If you send too many failed emails from your domain you may see this message:
Domain <<yourdomain>> has exceeded the max defers and failures per hour
This occurs when an account on your domain has sent too many failed email addresses within an hour.
When a domain sends too many emails to undeliverable addresses it is a possible indicator of a compromised account. Our mail server will block any emails from being sent from that domain for an hour as a security measure.
This protects both your domain and our mail servers from becoming black-listed.
What caused this?
You can track which failed emails have been sent using the Track Delivery option in cPanel.
Full details on how to use this tool can be found here:
Track Delivery | cPanel & WHM Documentation
How to avoid this from happening
The best practice is only to send emails from your account that you know are current and active.
This can occur when an account is used to send bulk emails such as a newsletter to a mail list. If the mail list contains old email addresses that are no longer active, you will trigger the security system.

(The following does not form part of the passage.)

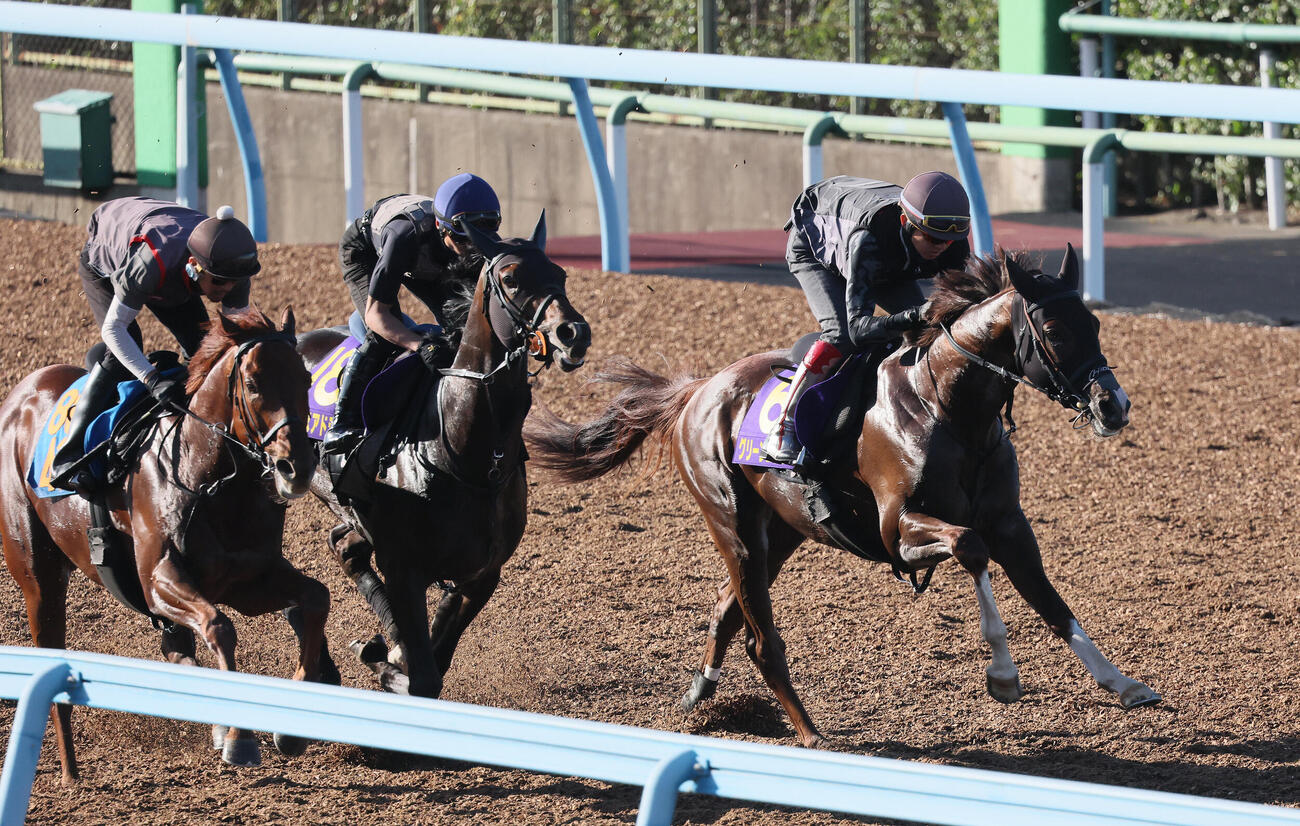 グリーンエナジー（右）はライヒスアドラー（中央）、オペラプラージュ（左）と美浦ウッドで併せて追い切られた（撮影・丹羽敏通）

Using a third-party mail list system such as MailChimp is a much better way to send newsletters and bulk emails without directly affecting your mail server reputation.

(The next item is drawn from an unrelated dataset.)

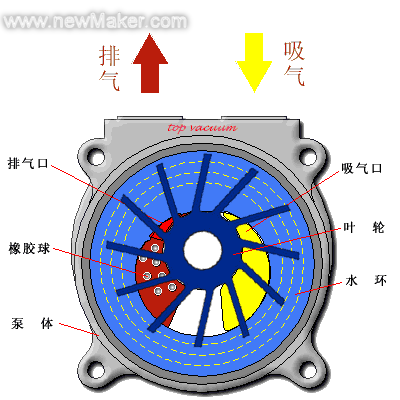 水环式真空泵▼.gif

This can also occur if you use your account to send 'Test' emails to undeliverable email addresses.
How to fix
You will need to wait an hour since your last failed email send. Once the hour has passed you can continue to use your mail service as normal.
Repeatedly sending failed deliveries will block your domain again and you will need to wait another hour.
If you believe your account is compromised and continues to be blocked please log a help desk ticket.